I am now preparing myself for Dynamic Programming quiz this Wednesday. One classic example of DP is the calculation of nth Fibonacci.

The straight-forward way is to convert the recurrence relation, Fn = Fn-1 + Fn-2, F0=0, F1=1, to a recursive function. However, the problem overlapping makes this solution poor in performance. A betterway is to calculate value of Fk from 2 to n in a bottom-up style. The asymptotic running time of this DP method is O(n).
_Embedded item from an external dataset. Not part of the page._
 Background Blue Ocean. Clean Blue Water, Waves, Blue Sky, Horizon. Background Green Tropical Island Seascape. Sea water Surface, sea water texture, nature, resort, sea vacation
   private static int FibN(int n)
   {
       if (n <= 1)
           return n;

       int a = 0, b = 1, c = 1;
       for(int i = 2 ; i <= n ; i++)
       {
           c = a + b;
           a = b;
           b = c;
       }

       return c;
   }

My instructor, Aj.Somchai, wrote in one of his book, "การออกแบบและวิเคราะห์อัลกอริทึม (Design & Analysis of Algorithms)", the challenge of finding a method that calculate Fn in less than O(n) time. After thinking for a while, I fired up my browser and search :)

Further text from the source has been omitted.